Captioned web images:
-*-*-
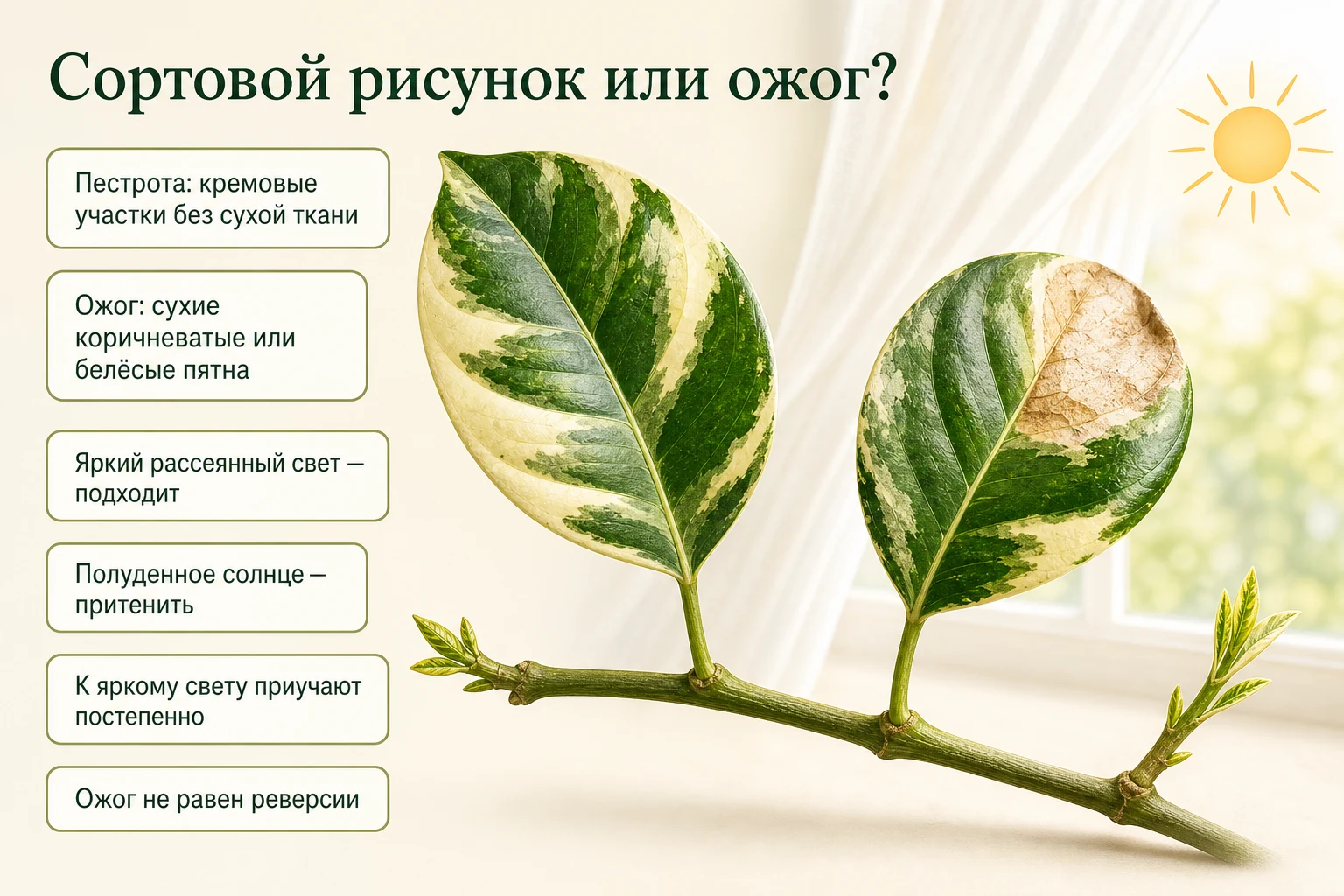 Здоровая природная пестролистность и локальный световой ожог на листьях вариегатного лайма Таити.
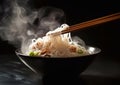 Chopsticks holding noodles in bowl with steam on dark background.Macro.AI Generative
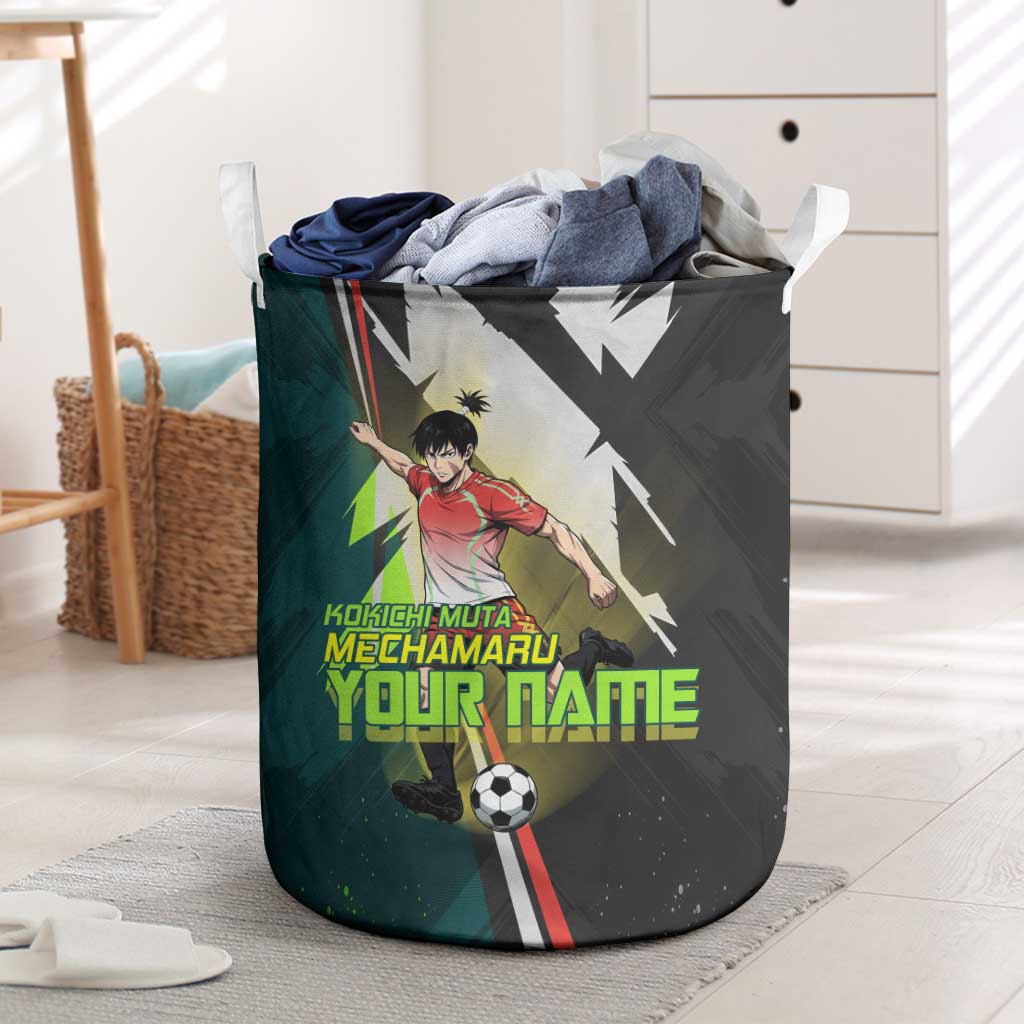 Personalized Kokichi Muta Jujutsu Kaisen Laundry Basket Anime Soccer Theme Red Uniform Dynamic Kick Design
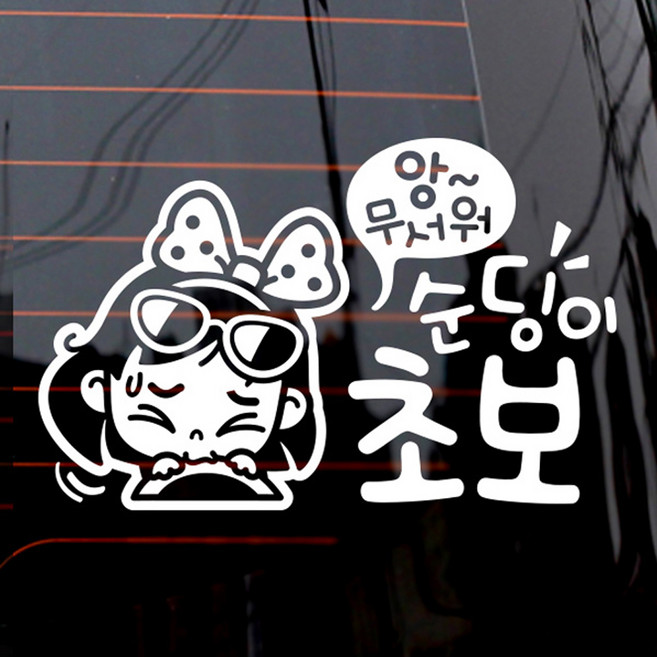 제제데코 자동차 스티커 순딩 초보 동글이, 화이트, 1개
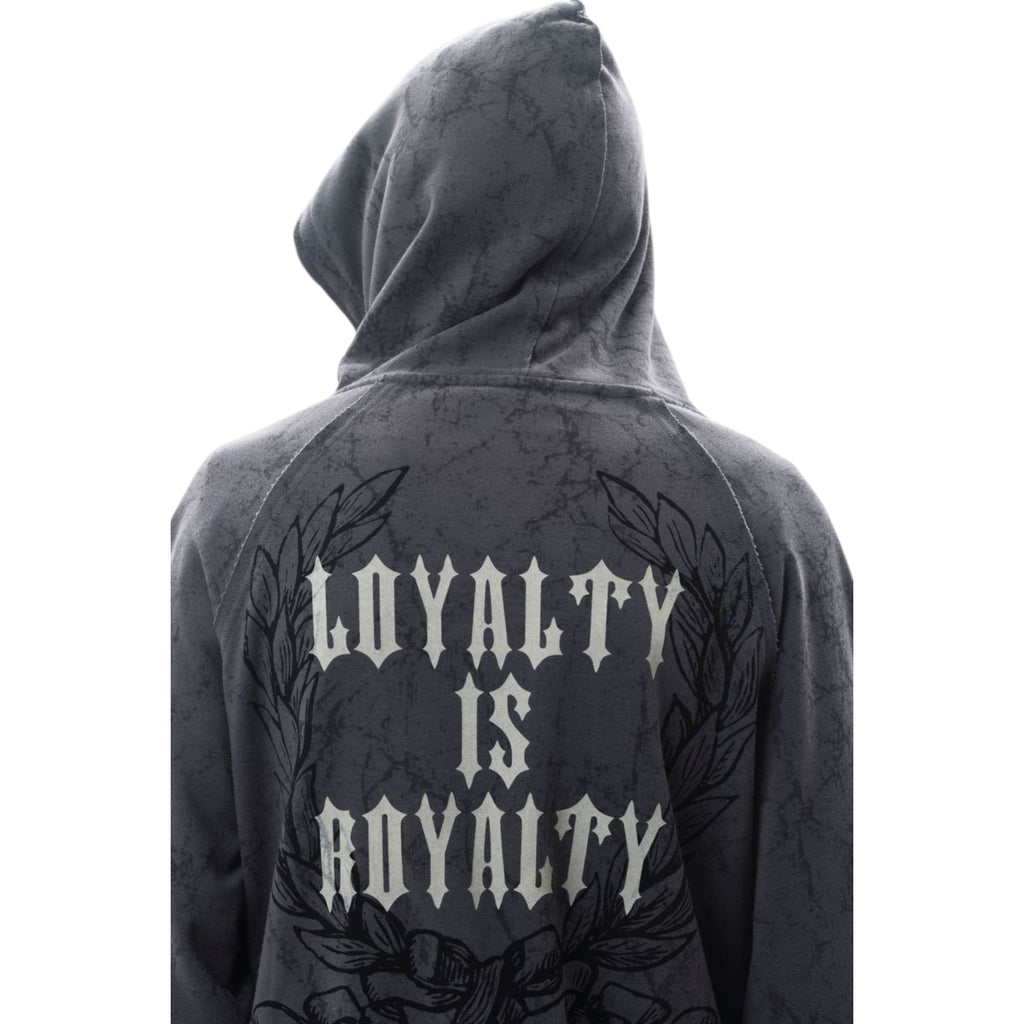 Men's Loyalty Is Royalty Zip Fleece Hoodie In Dark Grey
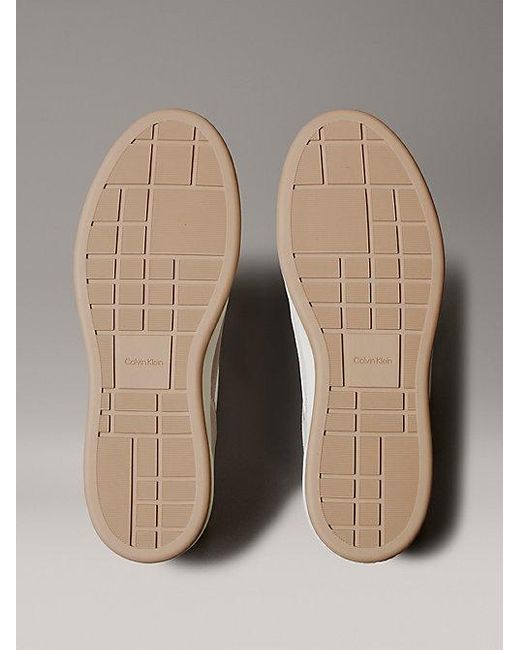 Calvin Klein Signature Sneakers Van Leer En Suède in het Metallic voor heren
-*-*-
> **DIRECTIONS FOR THIS TASK**
Would you write out exactly the lines of the data from the one holding "제제데코 자동차 스티커 순딩 초보 동글이, 화이트, 1개" to the final line, both included, with pictures left out?

> **WORKED SOLUTION**
 제제데코 자동차 스티커 순딩 초보 동글이, 화이트, 1개
 Men's Loyalty Is Royalty Zip Fleece Hoodie In Dark Grey
 Calvin Klein Signature Sneakers Van Leer En Suède in het Metallic voor heren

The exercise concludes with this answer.